Читаем Имя мое легион полностью

Президент дома чудес спокойно засунул свою волшебную авторучку в грудной карман. Уже давно поговаривали, что в порядке дальнейшей либерализации помимо дурдомов КГБ вводит всякую новую технику. В том числе и всякие приборы со слезоточивым газом «Черемуха», вплоть до вот таких «автоматических ручек». Правда, при желании в эту ручку можно заложить и нормальный пистолетный патрон с нормальной пулей.

Потом Остап комментировал:

– Вот бы мне такую ручку. Против моей тещи. Вечером Остап улегся дома на диван и заявил:

– Мне надоело жить.

– Чего это? – спросила жена.

– Меня называют жуликом и подхалимом. Я живу, как нищий, а все говорят, что я меркантильный. Остап, говорят, дешевка, брехун.

– А ты не бреши, – посоветовала жена.

– Я вовсе не брешу. У меня просто повышенная фантазия. Как у каждого настоящего писателя. Когда Льву Толстому все осточертело, он плюнул и ушел из дома. Может, и мне тоже уйти?

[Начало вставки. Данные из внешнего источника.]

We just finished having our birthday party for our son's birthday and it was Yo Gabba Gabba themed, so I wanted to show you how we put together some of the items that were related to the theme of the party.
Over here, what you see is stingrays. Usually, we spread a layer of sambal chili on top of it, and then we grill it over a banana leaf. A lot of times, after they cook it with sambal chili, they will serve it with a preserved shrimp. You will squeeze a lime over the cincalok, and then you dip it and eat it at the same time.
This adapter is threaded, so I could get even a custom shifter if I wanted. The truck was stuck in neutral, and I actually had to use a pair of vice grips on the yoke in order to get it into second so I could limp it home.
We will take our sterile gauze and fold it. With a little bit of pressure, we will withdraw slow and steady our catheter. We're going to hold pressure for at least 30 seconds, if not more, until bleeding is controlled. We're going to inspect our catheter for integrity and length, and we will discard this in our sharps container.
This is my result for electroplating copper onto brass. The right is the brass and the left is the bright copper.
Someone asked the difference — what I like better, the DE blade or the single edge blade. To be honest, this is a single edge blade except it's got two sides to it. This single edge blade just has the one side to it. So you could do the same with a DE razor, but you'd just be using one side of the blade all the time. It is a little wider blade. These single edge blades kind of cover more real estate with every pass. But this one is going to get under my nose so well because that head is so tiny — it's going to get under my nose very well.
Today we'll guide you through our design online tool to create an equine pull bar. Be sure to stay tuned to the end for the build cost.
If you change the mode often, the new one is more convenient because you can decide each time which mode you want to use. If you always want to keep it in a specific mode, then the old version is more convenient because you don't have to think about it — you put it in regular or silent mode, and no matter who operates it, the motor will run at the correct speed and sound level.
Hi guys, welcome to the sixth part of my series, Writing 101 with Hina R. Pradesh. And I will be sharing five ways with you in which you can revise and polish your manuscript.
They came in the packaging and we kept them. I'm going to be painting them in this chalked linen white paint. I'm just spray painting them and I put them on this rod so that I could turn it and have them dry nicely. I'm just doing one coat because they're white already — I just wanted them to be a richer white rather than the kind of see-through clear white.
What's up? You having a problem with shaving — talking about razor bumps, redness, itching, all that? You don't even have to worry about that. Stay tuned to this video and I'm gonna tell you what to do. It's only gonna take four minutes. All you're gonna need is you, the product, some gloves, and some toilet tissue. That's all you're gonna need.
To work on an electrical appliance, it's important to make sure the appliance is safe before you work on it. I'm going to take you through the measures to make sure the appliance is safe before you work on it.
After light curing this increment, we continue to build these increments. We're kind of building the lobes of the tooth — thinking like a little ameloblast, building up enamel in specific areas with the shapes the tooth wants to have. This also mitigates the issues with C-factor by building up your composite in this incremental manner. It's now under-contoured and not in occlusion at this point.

Хотя, кроме жены, чужих детей и нервных кошек, воровать у Остапа было нечего, но на всех дверях и окнах он понастроил кучу всяких задвижек, защелок и запоров. Не так от воров, как от собственной трусости. А входную дверь изнутри подпирала толстая палка. Теперь Остап встал, взял эту палку и зашагал по комнате, размахивая ею, как посохом.

– Да, пойду куда глаза глядят. Пойду к странникам, к отшельникам. По дождю пойду, по грязи, по снегу. Буду правду искать. Божьим человеком стану. Счас возьму и уйду. Прямо в двери.

– Катись, – зевнула жена. – Скатертью дорожка.

– Почапаю себе по полям, по лесам,мечтал Остап, стуча своим посохом. – Кругом птички поют. Ку-ку! Солнышко светит. Травка зеленеет. И никто меня не ругает, не критикует. Буду стихи писать и с птичками обсуждать. Он увлекался все больше и больше:

– А без Чумкина моя желудочная язва сразу заживет. И живот болеть не будет. Ночью лягу себе на сено, ноги кверху задеру и буду звезды разглядывать. Буду размышлять о смысле жизни.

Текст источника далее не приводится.